Some of the agreements to sell the power produced by Entergy Wholesale Commodities’ power plants contain provisions that require an Entergy subsidiary to provide collateral to secure its obligations under the agreements.  The Entergy subsidiary is required to provide collateral based upon the difference between the current market and contracted power prices in the regions where Entergy Wholesale Commodities sells power.  The primary form of collateral to satisfy these requirements is an Entergy Corporation guaranty.  Cash and letters of credit are also acceptable forms of collateral.  At December 31, 2012, based on power prices at that time, Entergy had liquidity exposure of $203 million under the guarantees in place supporting Entergy Wholesale Commodities transactions, $20 million of guarantees that support letters of credit, and $7 million of posted cash collateral to the ISOs.  As of December 31, 2012, the liquidity exposure associated with Entergy Wholesale Commodities assurance requirements, including return of previously posted collateral from counterparties, would increase by $106 million for a $1 per MMBtu increase in gas prices in both the short-and long-term markets.  In the event of a decrease in Entergy Corporation’s credit rating to below investment grade, based on power prices as of December 31, 2012, Entergy would have been required to provide approximately $48 million of additional cash or letters of credit under some of the agreements.

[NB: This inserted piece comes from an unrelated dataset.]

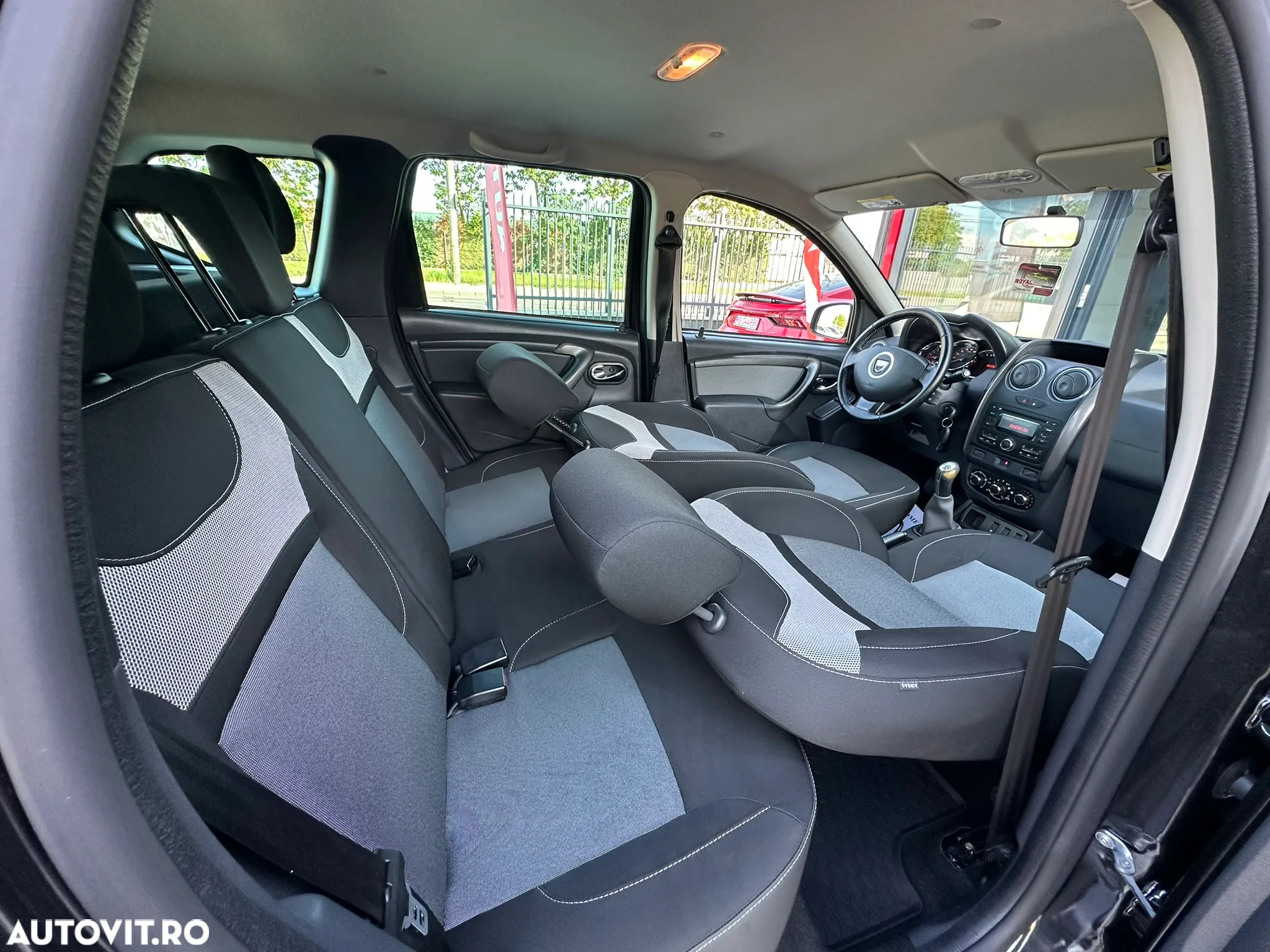 Dacia Duster 1.6 4x2 Laureate - 7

As of December 31, 2012, substantially all of the counterparties or their guarantors for 100% of the planned energy output under contract for Entergy Wholesale Commodities nuclear plants through 2016 have public investment grade credit ratings.

Nuclear Matters

After the nuclear incident in Japan resulting from the March 2011 earthquake and tsunami, the NRC established a task force to conduct a review of processes and regulations relating to nuclear facilities in the United States.  The task force issued a near-term (90-day) report in July 2011 that made initial recommendations, which were subsequently refined and prioritized after input from stakeholders.  The task force then issued a second report in September 2011.  Based upon the task force’s recommendations, the NRC issued three orders effective on March 12, 2012.  The three orders require U.S. nuclear operators, including Entergy, to undertake plant modifications or perform additional analyses that will, among other things, result in increased operating and capital costs associated with operating Entergy’s nuclear plants.  The NRC, with input from the industry, is in the process of determining the specific actions required by the orders and an estimate of the increased costs cannot be made at this time.

With the issuance of the three orders, the NRC also provided members of the public an opportunity to request a hearing.  Two established anti-nuclear groups, Pilgrim Watch and Beyond Nuclear, filed hearing requests, focused on Pilgrim, regarding two of the three orders.  These requests sought to have the NRC impose expanded remedial requirements to address the issues raised by the NRC’s orders.  Beyond Nuclear subsequently withdrew its hearing request and the NRC’s ASLB denied Pilgrim Watch’s hearing request.  Pilgrim Watch appealed the Board’s decision to the NRC, which affirmed the Board’s decision in January 2013.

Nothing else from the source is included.